**To do:** Transcribe the line that contains "Mighty No. 9 - Wii U - Destination Retro" and every line after it to the end of the records, exactly and nothing else. Skip the pictures.

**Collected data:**
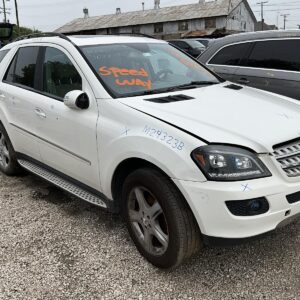 2007 MERCEDES MERCEDES_ML~CLASS FUSE BOX ENGINE - 1000883413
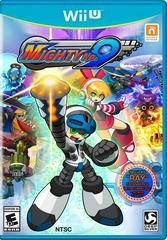 Mighty No. 9 - Wii U - Destination Retro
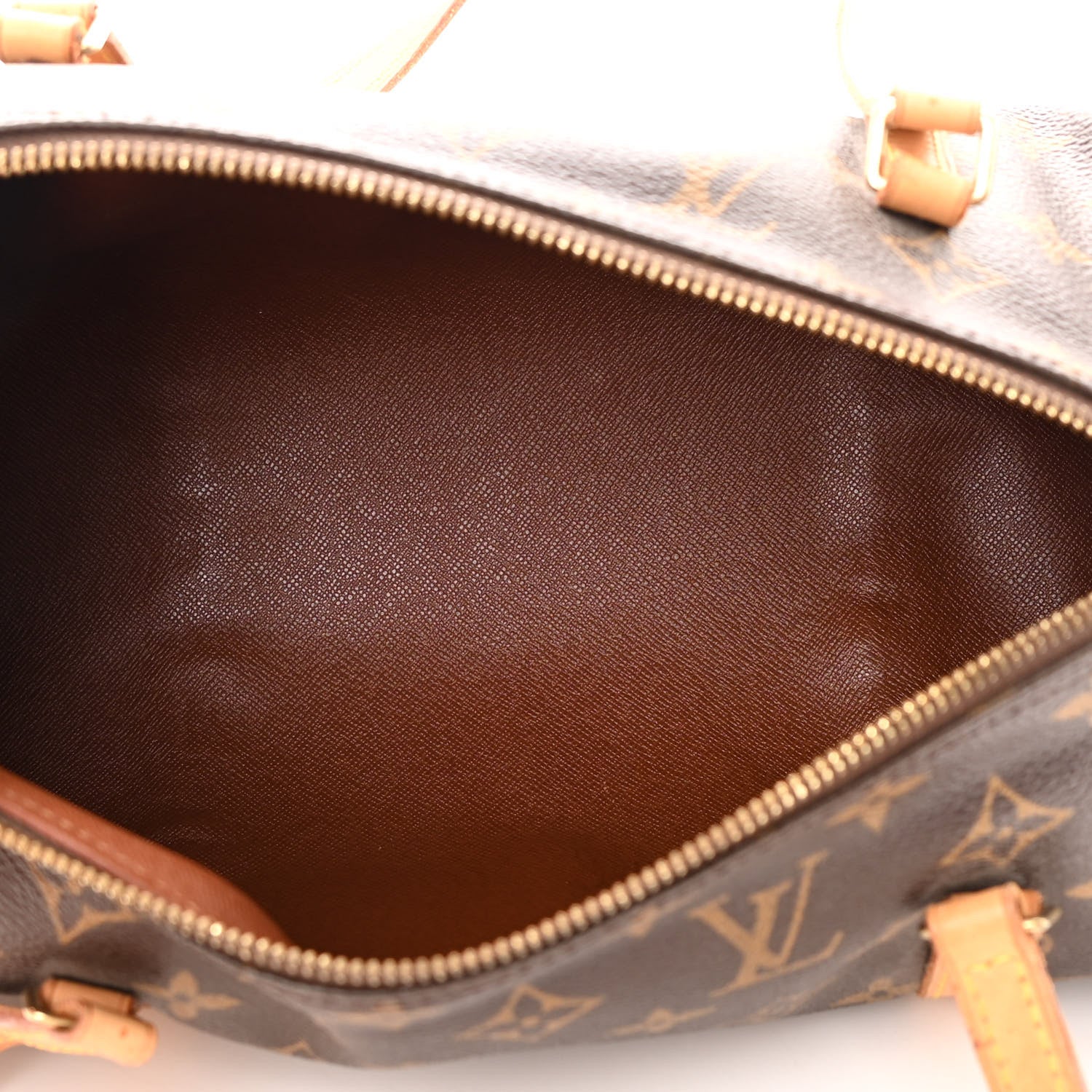 Louis Vuitton Monogram Papillon 30 with Companion 6 of 21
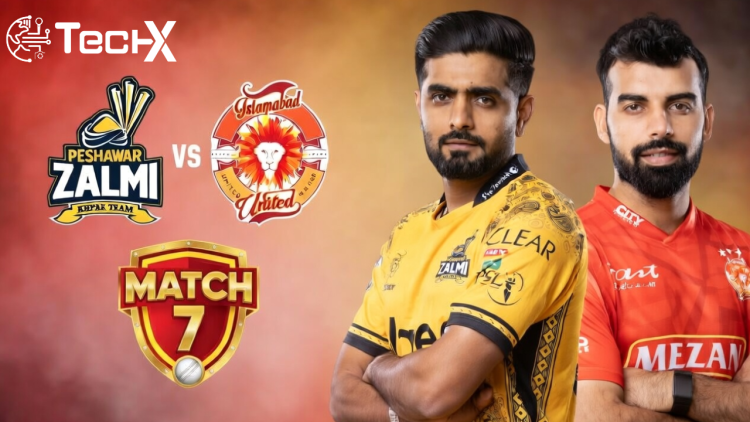 Zalmi vs United Showdown Complete Match Preview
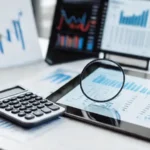 Herramientas clave para análisis financiero en contabilidad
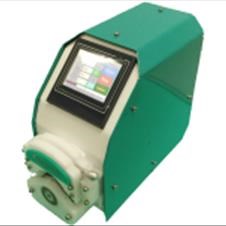 پمپ-پریستالتیک-تک-هد-مدل-TN-YZ15-556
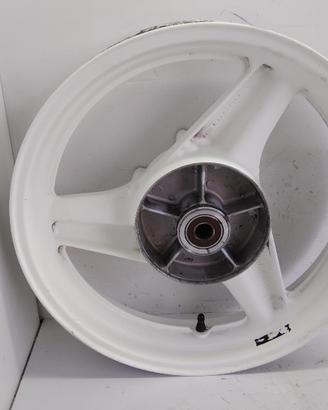 HONDA VFR F 750 CERCHIO RUOTA POSTERIORE 17 X 3.50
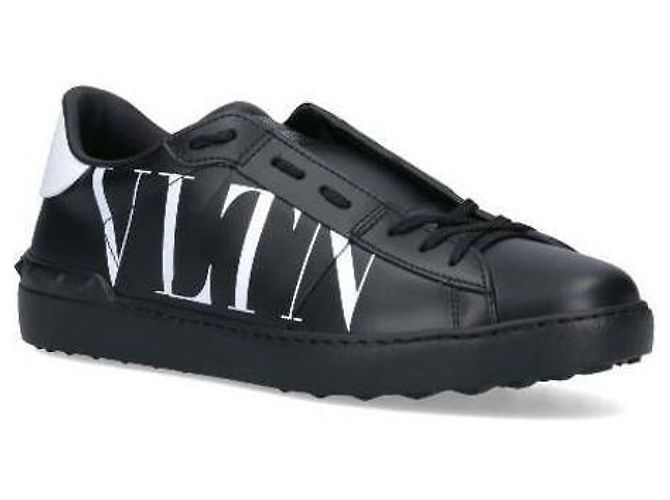 Valentino Sneakers Open XZU - vista 4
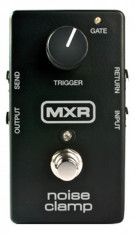 MXR M195 Noise Clamp foto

**Answer to this task:**
 Mighty No. 9 - Wii U - Destination Retro
 Louis Vuitton Monogram Papillon 30 with Companion 6 of 21
 Zalmi vs United Showdown Complete Match Preview
 Herramientas clave para análisis financiero en contabilidad
 پمپ-پریستالتیک-تک-هد-مدل-TN-YZ15-556
 HONDA VFR F 750 CERCHIO RUOTA POSTERIORE 17 X 3.50
 Valentino Sneakers Open XZU - vista 4
 MXR M195 Noise Clamp foto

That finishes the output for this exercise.